What he can’t know is that it’s not a case of one nightmare leading into another. It’s all one long nightmare, carefully plotted by Palpatine. Cham is too entrenched. He can’t see what little options he has. The former “Hammer of Ryloth” reluctantly sheds his legendary war-born status.
Hera, however, charges forward with youthful zeal. The Rebels heroine has a destiny too. And she knows it and does not fear it. She sides with her uncle, who recognizes her desire to pilot starships as a skill to harness. Alongside Chopper, another Rebels icon, Hera gathers intelligence regarding the Imperial refinery scarring the Ryloth landscape.
Watching Hera and Chopper collaborate in The Bad Batch Episode 11 is a dang delight. Cats like Luke Skywalker and Princess Leia will walk in their footsteps. These two refuse to fall in line and allow fear and its mongers to set their path. Right now in The Bad Batch, they’re locked on Ryloth, but her starship, the Ghost, awaits.

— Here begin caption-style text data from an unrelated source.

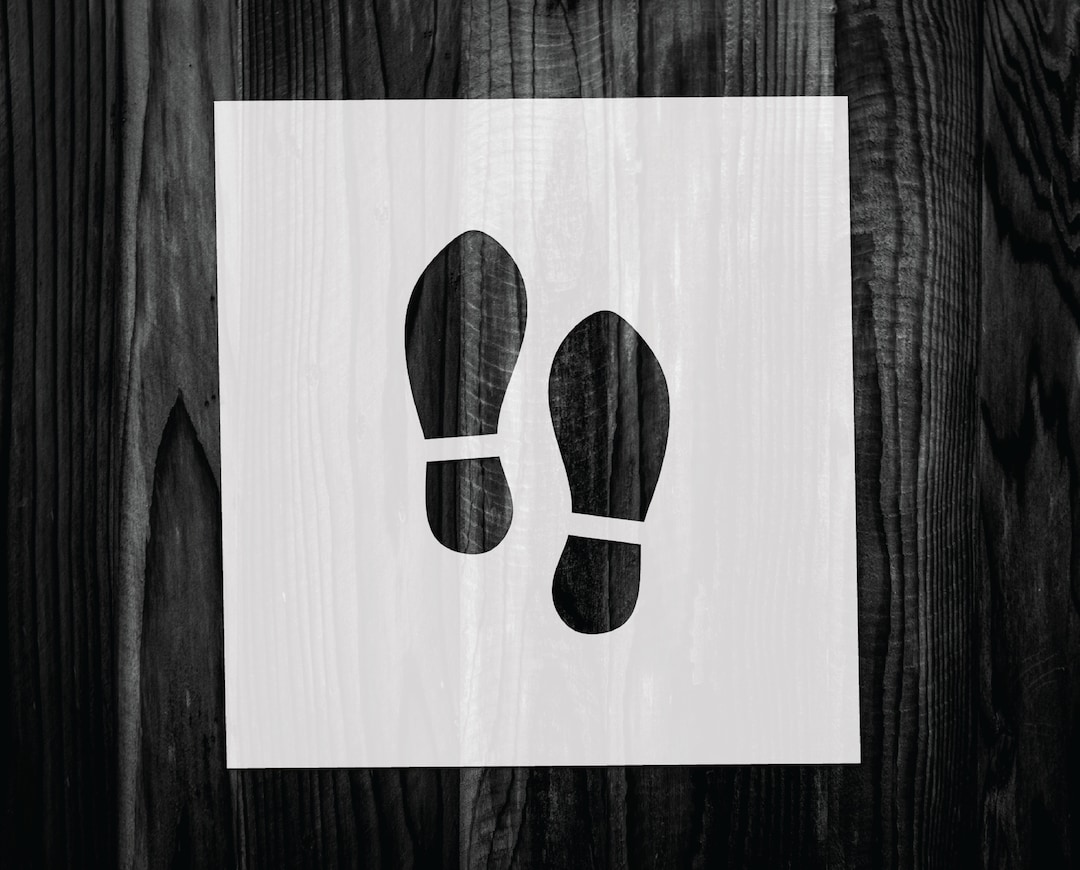 Shoe Print Stencil, Mylar Reusable Stencil, Stencil, FAST SHIPPING - Etsy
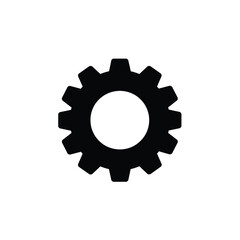 gear icon on white background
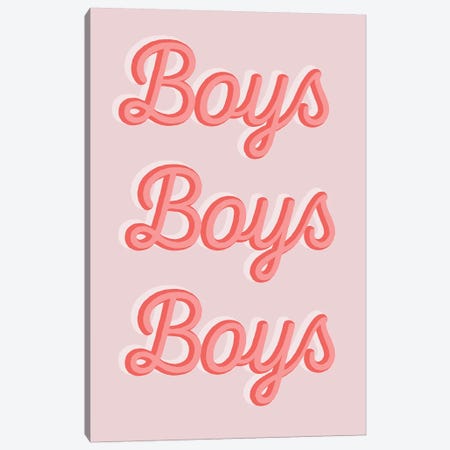 Boys Boys Boys Canvas Print #TNS14} by The Native State Canvas Print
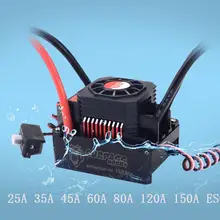 Водонепроницаемый безщеточный бессмысленные Скорость контроллер 45A 60A 80A 120A 150A ESC и светодиодный Программирование карты для 1/8 1/10 1/12 1/20 RC автомобиль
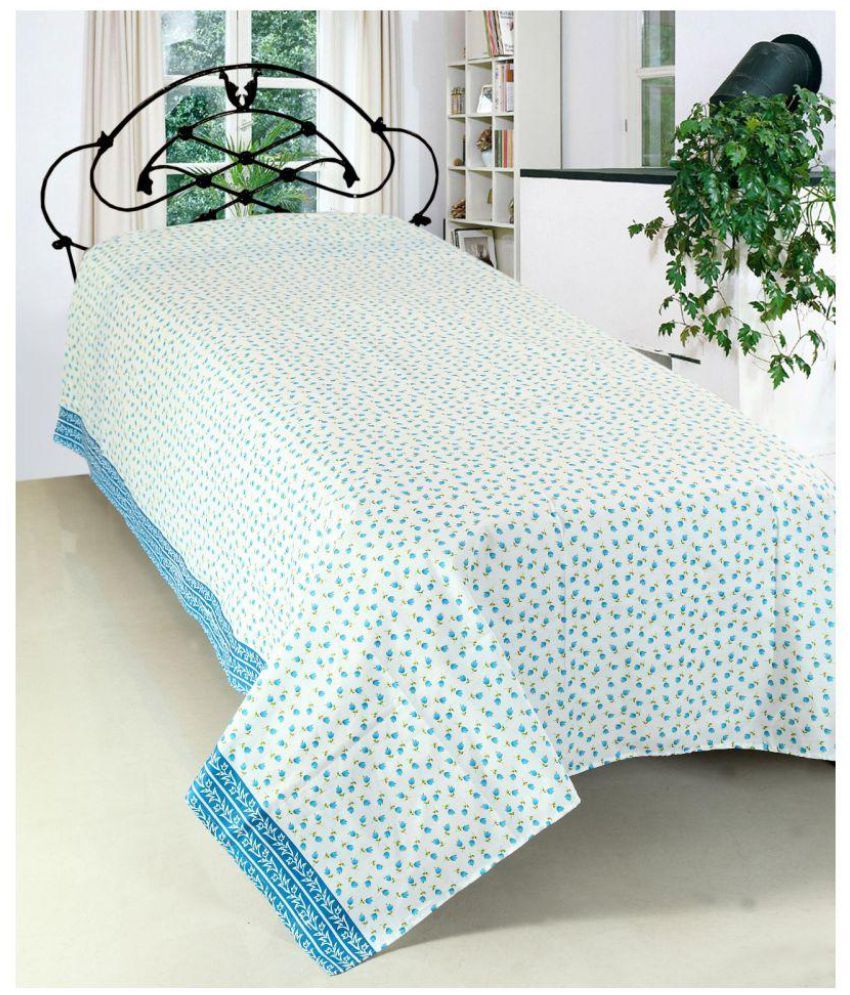 Furhome Single Cotton Floral Bed Sheet Buy Furhome Single Cotton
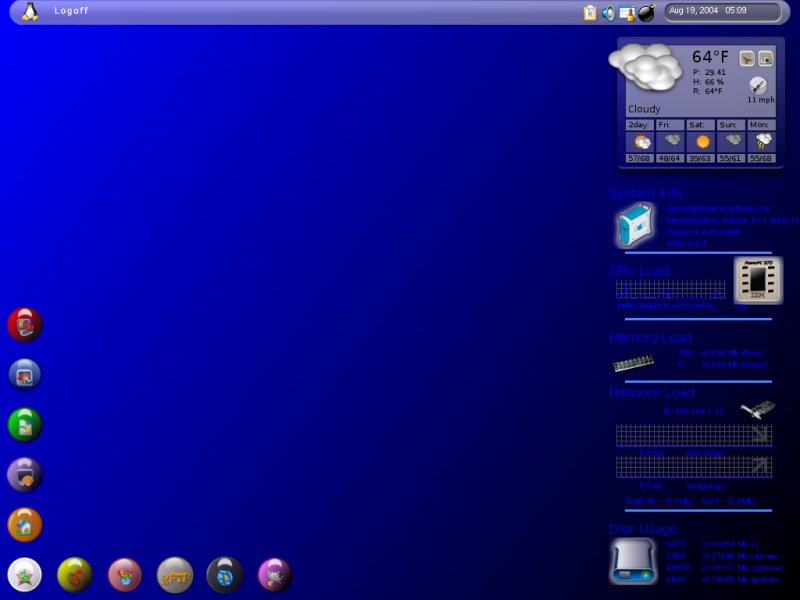 My Current Desktop - KDE Store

Eventually, a small band of resistance fighters will form around them. The Ghost will carry Kanan Jarrus, the Jedi padawan who escaped Order 66 as seen in The Bad Batch Episode 1. She and Kanan will grow close, fall in love, and sire a son, Jacen Syndulla. Their romance is bound by Grand Admiral Thrawn’s downfall, equally tied to the Empire’s destruction.

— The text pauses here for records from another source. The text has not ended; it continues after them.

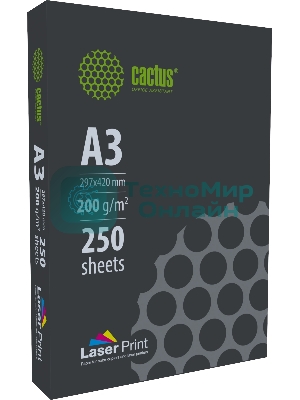 Бумага Cactus CS-LPA3200250 A3/200г/м2/250л./белый для лазерной печати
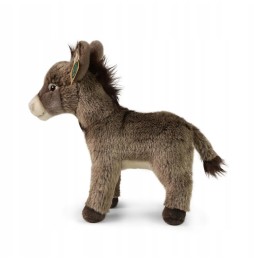 Maskotka osiołek stojący 29cm z ekologicznymi materiałami
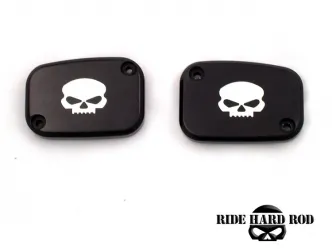Ride Hard Rod Brake And Clutch Cap Skull Design for 2007 Up V-Rod Models (R2021)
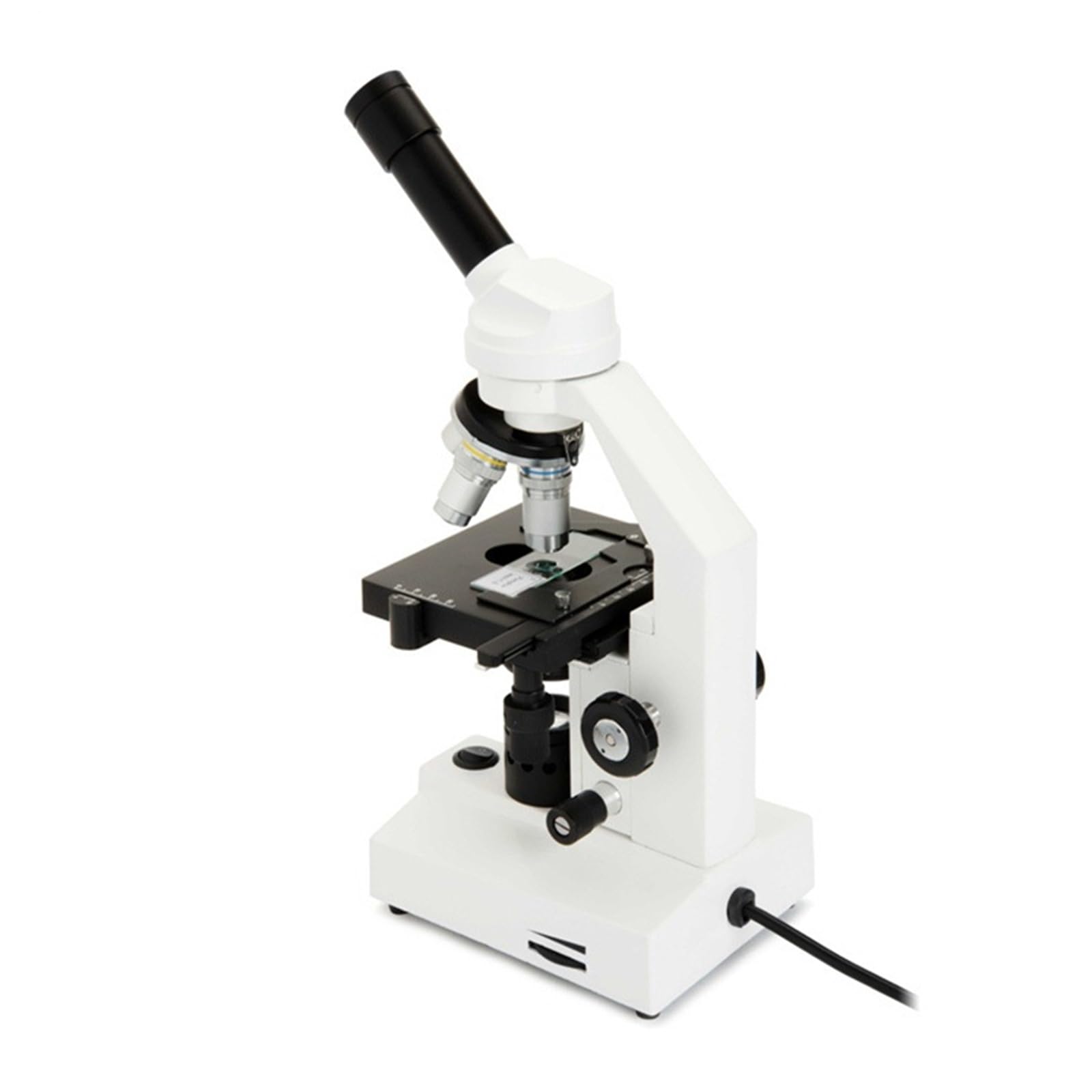 Microscopio Microscopio biológico monocular de 1600 aumentos for laboratorio con aumento HD, material didáctico for estudiantes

On the Ghost, Hera will also inspire Ezra Bridger, the young Jedi who vanishes into hyperspace with Thrawn and a half-dozen space-whales during Rebels‘ climax. And, as we learn in The Mandalorian, Ahsoka Tano is hunting Thrawn, probably hoping to reunite with Bridger. Countless soldiers fight the war between the Dark Side and the Light Side, one resistance fighter inspiring the next.
The Star Wars prequels reveal how heroes (and villains) stand on the shoulders of many. Teenage Hera senses Imperial injustice. Her parents wish her no harm, but when her mom learns of her refinery spying, she encourages Hera to tell all. Eleni’s strength in the face of tyranny emboldens Hera, which plants her on her uncle’s military supply run, where she comes face-to-face with Clone Force 99 and their kid sidekick, Omega.
Hera and Omega’s meeting is the highlight of The Bad Batch Episode 11. The two younglings are both so eager to prove their worth. Hera’s immense jealously over Omega’s starship-living is adorable and telling. Hera will get there soon; she’ll house her own bad batch aboard her Ghost. In Omega, she catches a glimpse of what’s to come. It’s a future married with happiness and tragedy. We can’t help but be both excited and sorrowful for her to reach that destination.
The Bad Batch Episode 11 ends with her uncle’s supply run being foiled by Clone Force 99’s ex-comrade, Crosshair. Admiral Rampart puts Hera in chains, forcing her father to draw against the Empire. His insurgence is ignited, a road that leads to his wife’s murder and his daughter’s estrangement. And that estrangement puts her on the Ghost, leading the resistance fighters who achieve what Cham never could.
The credits hit on a cliffhanger, but it’s easy to infer what’s coming next, in The Bad Batch Episode 12. Hera once mentioned in Rebels how Clones saved her life. We never got the details of that story, but we can bet that those clones were Clone Force 99. Next week, it will be Omega and Hunter to the rescue.
Star Wars: The Bad Batch Episode 11 is now streaming on Disney+.